Killing for God
A time-honored method of making people obey is by threatening them with physical violence. The concept is simple: If you disobey, you will feel pain. Fear of spanking keeps children in line. Fear of torture makes prisoners talk. Fear of hell keeps Christians on the straight and narrow.
Fear of death kept many Mormons compliant under the leadership of Brigham Young, the Church's second prophet. Young believed that if someone strayed from his flock, the only way that person could gain entry to Heaven was if he or she was killed by a righteous assassin.
He called this concept "blood atonement," and he explained it to his followers in a sermon he gave on September 21, 1856:
"There are sins that men commit for which they cannot receive forgiveness in this world, or in that which is to come, and if they had their eyes open to see their true condition, they would be perfectly willing to have their blood spilt upon the ground, that the smoke thereof might ascend to heaven as an offering for their sins; and the smoking incense would atone for their sins...
"I know, when you hear my brethren telling about cutting people off from the earth, that you consider it is strong doctrine; but it is to save them, not to destroy them..."
In a nutshell, the Church killed you for major disobedience, e.g. raping a child, murder, especially murdering a child, etc., but it was for your own good. If you were murdered by your brethren, you were assured entrance into Heaven.

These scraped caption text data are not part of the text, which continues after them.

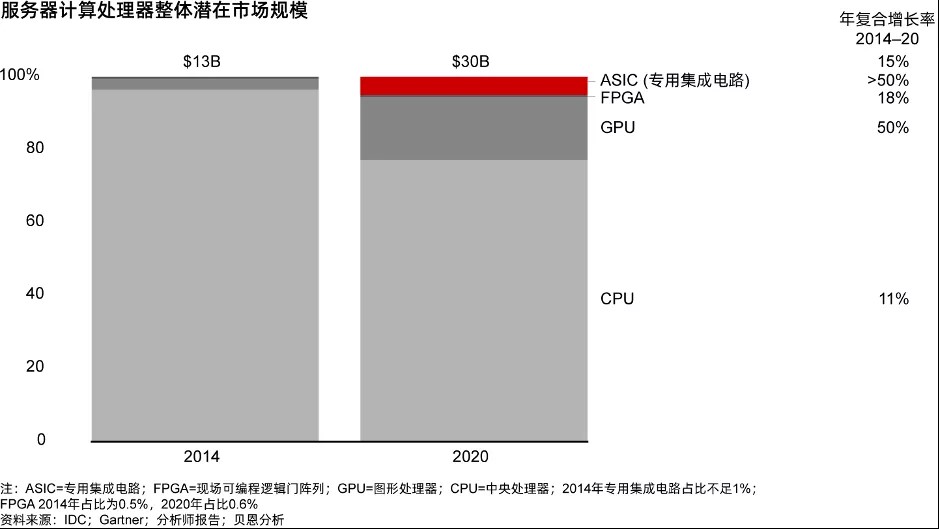 香港六和资料大全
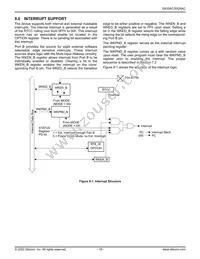SX28AC/SS-G Datasheet Page 19
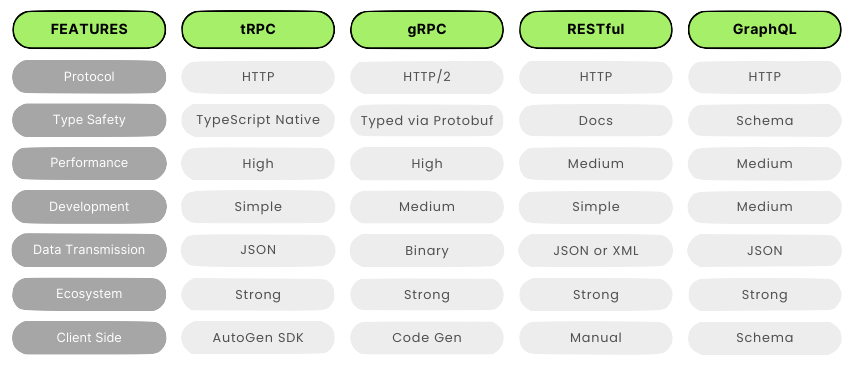 Comparison between tRPC, gRPC, RESTful, and GraphQL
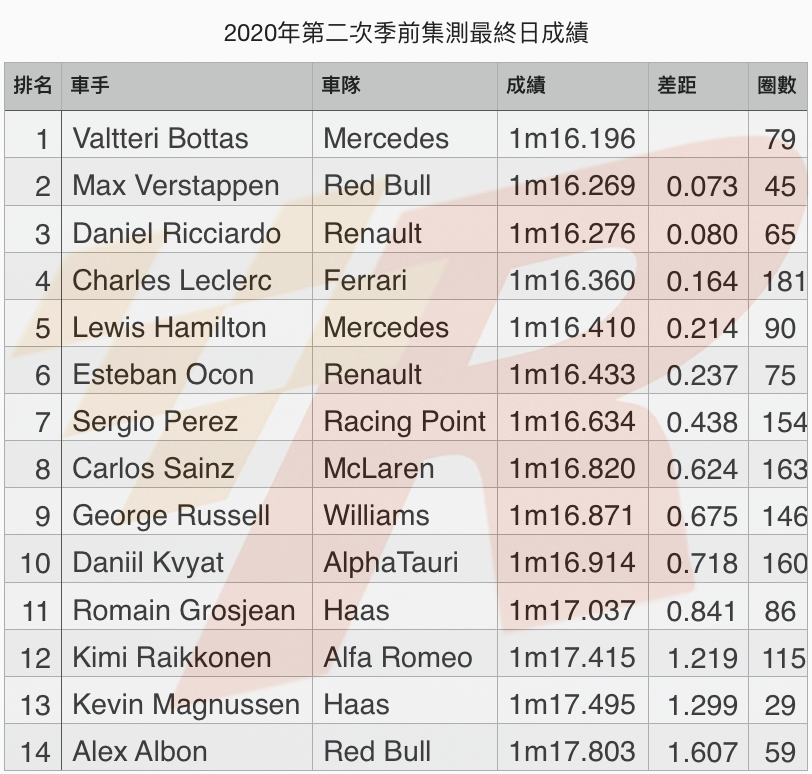 第二次季前集測最終日Bottas居首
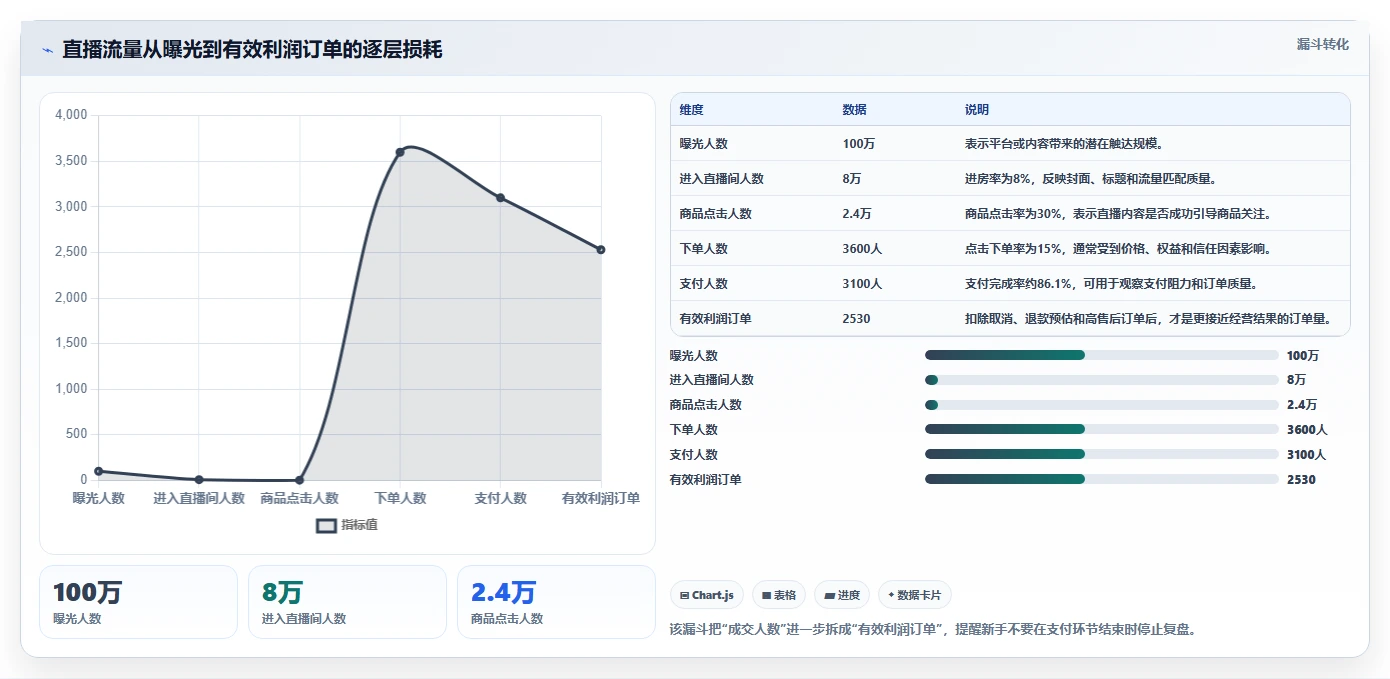 直播数据复盘：直播新手年度规划：大促直播怎样持续改善重构货盘组合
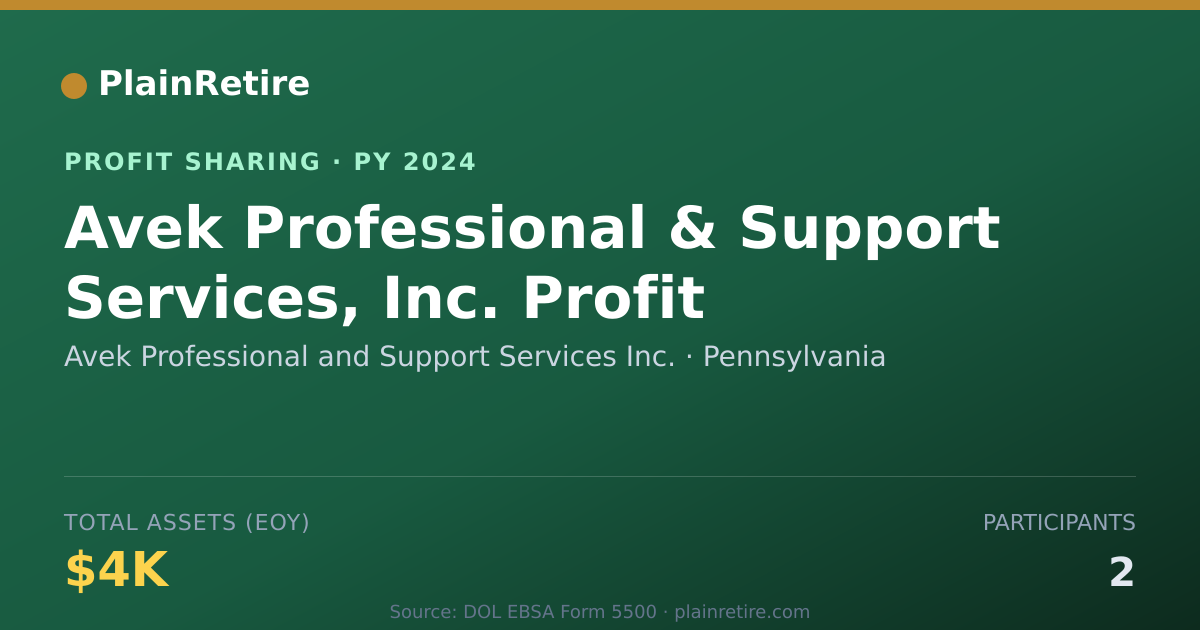 Shareable card for Avek Professional and Support Ser Profit Sharing Plan (2024)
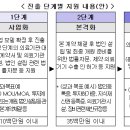 경희시원한의원 이미지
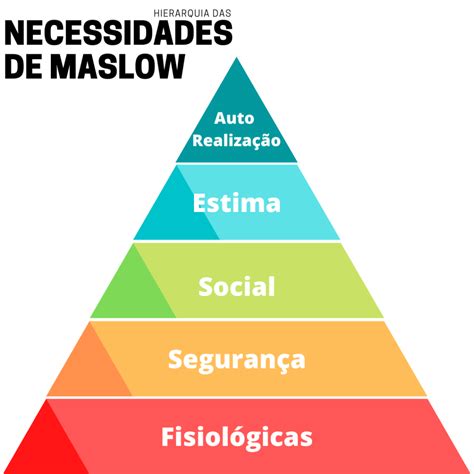 Passo 1: Determine suas necessidades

In the 1850s, historians say, Young frequently resorted to blood atonement to eliminate both his spiritual and business rivals. The Church renounced the bloody doctrine in the late 1800s, but a hundred years later, Ervil decided to reinstate it.
The first person Ervil wanted to kill was Rulon Allred, a rival polygamist from Utah, who refused to tithe to Ervil and had derided the Firstborners in public. In one of his typically long and tedious screeds, Ervil decreed that Allred was guilty of character assassination, an offense "punishable by the death sentence under the Civil Law given by God in the days of Moses," according to Bradlee and Van Atta.
Curiously, Rulon and Ervil had once been pals; in the 1950s, Rulon evaded an arrest warrant in Utah for cohabitation by hiding out at the Colonia LeBaron in Mexico. But that didn't stop Ervil from killing him some 20 years later.
Joel watched his brother scare Firstborners with his gruesome threats and continue to hawk his Mormon utopia to investors. Eventually, he got fed up. When Ervil told him in the summer of 1972 that God said he and Joel should run the church as equals, Joel put his foot down. Not only would he not share the Firstborn leadership with Ervil, he was removing Ervil from a position of leadership altogether. From that point on, Ervil would be sitting in the pews, not standing behind the pulpit.
Ervil was stunned by the news and wept openly before the congregation when the announcement was made. He walked away alone from the temple that night and began plotting against Joel.
Like Cain, he would strike his brother down.